Non-operating Expenses



Realized and unrealized gains (losses) on derivative contracts. Gains and losses
on derivative contracts are comprised of both realized and unrealized gains and
losses on QEP's commodity derivative contracts, which are marked-to-market each
quarter. During the second quarter of 2020, losses on commodity derivative
contracts were $98.7 million, of which $219.1 million were unrealized losses and
$120.4 million were realized gains on settled derivative contracts. During the
second quarter of 2019, gains on commodity derivative contracts were $38.5
million, of which $54.5 million were unrealized gains and $16.0 million were
realized losses on settled derivative contracts.

During the first half of 2020, gains on commodity derivative contracts were
$351.2 million, of which $188.2 million were unrealized gains and $163.0 million
were realized gains on settled derivative contracts. During the first half of
2019, losses on commodity derivative contracts were $143.2 million, of which
$123.1 million were unrealized losses, $21.9 million were realized losses on
settled derivative contracts and $1.8 million were unrealized gains related to
the Haynesville Divestiture (refer to Note 7 - Derivative Contracts, in Item I
of Part I of the Quarterly Report on Form 10-Q for more information).

Gain on early extinguishment of debt. Gain on early extinguishment of debt
increased by $0.4 million in the second quarter of 2020 compared to the second
quarter of 2019. The increase during the second quarter of 2020 was primarily
due to a $2.1 million gain as a result of repurchasing $57.0 million in
principal amount of our senior notes at a discount, partially offset by a $1.5
million loss associated with the write-off of non-cash deferred financing costs
as part of amending the credit facility (Refer to Note 10 - Debt, in Item 1 of
Part I of this Quarterly Report on Form 10-Q for more information).

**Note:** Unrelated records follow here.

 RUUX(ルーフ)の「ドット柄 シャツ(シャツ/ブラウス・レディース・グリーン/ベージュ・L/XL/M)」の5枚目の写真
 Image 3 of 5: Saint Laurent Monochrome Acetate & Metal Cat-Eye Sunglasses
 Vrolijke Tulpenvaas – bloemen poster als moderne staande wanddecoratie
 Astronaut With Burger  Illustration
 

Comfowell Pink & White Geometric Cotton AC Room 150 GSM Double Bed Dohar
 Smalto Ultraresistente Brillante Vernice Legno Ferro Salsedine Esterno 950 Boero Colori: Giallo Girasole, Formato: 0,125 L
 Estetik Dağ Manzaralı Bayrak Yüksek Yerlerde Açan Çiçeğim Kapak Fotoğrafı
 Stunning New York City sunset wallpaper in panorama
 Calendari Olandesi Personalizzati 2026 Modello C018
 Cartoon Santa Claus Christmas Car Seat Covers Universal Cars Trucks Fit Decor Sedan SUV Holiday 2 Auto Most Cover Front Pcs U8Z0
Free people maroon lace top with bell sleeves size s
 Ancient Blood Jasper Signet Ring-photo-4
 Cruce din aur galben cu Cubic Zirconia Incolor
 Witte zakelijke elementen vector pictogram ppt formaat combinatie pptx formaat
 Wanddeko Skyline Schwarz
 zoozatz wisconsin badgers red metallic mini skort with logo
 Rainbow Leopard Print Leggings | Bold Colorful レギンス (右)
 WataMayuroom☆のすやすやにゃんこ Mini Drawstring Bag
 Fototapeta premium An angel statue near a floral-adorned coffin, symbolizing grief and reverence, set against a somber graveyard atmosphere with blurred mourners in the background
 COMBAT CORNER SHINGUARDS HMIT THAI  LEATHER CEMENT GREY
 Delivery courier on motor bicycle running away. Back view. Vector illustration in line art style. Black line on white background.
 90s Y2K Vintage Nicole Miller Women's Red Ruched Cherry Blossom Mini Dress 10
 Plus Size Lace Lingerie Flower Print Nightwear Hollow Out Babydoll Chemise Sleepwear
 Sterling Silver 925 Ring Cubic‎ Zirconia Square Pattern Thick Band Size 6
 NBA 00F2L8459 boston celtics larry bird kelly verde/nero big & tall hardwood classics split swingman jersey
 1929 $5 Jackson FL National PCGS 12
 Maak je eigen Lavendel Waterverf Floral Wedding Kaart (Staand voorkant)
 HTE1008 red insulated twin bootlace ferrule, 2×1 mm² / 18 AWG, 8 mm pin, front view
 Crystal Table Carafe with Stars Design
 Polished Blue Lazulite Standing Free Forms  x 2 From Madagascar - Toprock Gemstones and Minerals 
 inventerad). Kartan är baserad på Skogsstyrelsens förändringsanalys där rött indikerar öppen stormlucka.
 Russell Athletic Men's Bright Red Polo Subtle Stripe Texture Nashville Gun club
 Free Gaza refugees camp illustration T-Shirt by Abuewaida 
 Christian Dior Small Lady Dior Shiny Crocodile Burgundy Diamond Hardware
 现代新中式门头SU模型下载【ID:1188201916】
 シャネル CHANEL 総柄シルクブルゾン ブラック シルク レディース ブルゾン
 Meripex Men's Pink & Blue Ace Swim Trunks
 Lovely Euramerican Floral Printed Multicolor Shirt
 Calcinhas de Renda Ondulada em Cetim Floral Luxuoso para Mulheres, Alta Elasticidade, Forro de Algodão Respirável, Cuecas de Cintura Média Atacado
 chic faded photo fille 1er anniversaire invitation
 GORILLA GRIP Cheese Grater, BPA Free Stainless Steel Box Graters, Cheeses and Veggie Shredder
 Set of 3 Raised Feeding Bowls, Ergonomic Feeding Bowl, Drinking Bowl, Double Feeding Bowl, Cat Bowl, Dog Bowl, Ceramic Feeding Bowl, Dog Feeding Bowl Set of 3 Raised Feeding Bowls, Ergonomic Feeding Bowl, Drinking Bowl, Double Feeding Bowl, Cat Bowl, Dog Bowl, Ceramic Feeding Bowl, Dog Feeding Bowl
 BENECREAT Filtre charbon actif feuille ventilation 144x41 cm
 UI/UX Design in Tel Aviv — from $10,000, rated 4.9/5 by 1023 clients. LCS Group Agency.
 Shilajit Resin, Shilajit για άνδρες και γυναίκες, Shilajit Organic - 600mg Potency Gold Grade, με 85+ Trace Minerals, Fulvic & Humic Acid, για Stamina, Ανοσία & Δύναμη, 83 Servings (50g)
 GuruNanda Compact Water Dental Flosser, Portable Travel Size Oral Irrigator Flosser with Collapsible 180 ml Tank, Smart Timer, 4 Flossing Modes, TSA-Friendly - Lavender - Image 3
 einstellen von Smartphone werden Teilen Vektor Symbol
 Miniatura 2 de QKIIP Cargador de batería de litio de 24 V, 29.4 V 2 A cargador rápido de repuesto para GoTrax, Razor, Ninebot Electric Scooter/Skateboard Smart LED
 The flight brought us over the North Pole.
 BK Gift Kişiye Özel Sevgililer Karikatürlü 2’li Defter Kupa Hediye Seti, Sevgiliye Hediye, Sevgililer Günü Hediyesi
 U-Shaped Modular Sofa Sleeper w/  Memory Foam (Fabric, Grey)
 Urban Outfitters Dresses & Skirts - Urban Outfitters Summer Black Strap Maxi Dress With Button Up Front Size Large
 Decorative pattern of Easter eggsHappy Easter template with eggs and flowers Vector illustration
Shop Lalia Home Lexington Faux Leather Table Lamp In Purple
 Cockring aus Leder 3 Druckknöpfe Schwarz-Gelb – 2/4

Gain on early extinguishment of debt increased by $25.6 million in the first
half of 2020 compared to the first half of 2019. The increase during the first
half of 2020 was primarily due to a $27.5 million gain as a result of
repurchasing $155.2 million in principal amount of our senior notes at a
discount, partially offset by a $1.5 million loss associated with the write-off
of non-cash deferred financing costs as part of amending the credit facility
(Refer to Note 10 - Debt, in Item 1 of Part I of this Quarterly Report on Form
10-Q for more information).

Interest and other income (expense). Interest and other income (expense)
increased by $1.7 million, or 189%, during the second quarter of 2020 compared
to the second quarter of 2019. The increase was primarily related to a $2.4
million gain on the marketable securities associated with its nonqualified,
unfunded deferred compensation plan, partially offset by a $0.7 million loss on
the write-off of inventory.

Interest and other income (expense) decreased by $3.7 million, or 100%, during
the first half of 2020 compared to the first half of 2019. The decrease was
primarily related to a $2.6 million loss on the marketable securities associated
with its nonqualified, unfunded deferred compensation plan and a $0.7 million
loss on the write-off of inventory.

Interest expense. Interest expense decreased $3.4 million, or 10%, during the
second quarter of 2020 compared to the second quarter of 2019. The decrease
during the second quarter of 2020 was primarily related to decreased interest
expense on senior notes due to repurchases, a reduction of accrued interest on
the Company's uncertain tax position that expired in the fourth quarter of 2019
and decreased borrowings under the credit facility.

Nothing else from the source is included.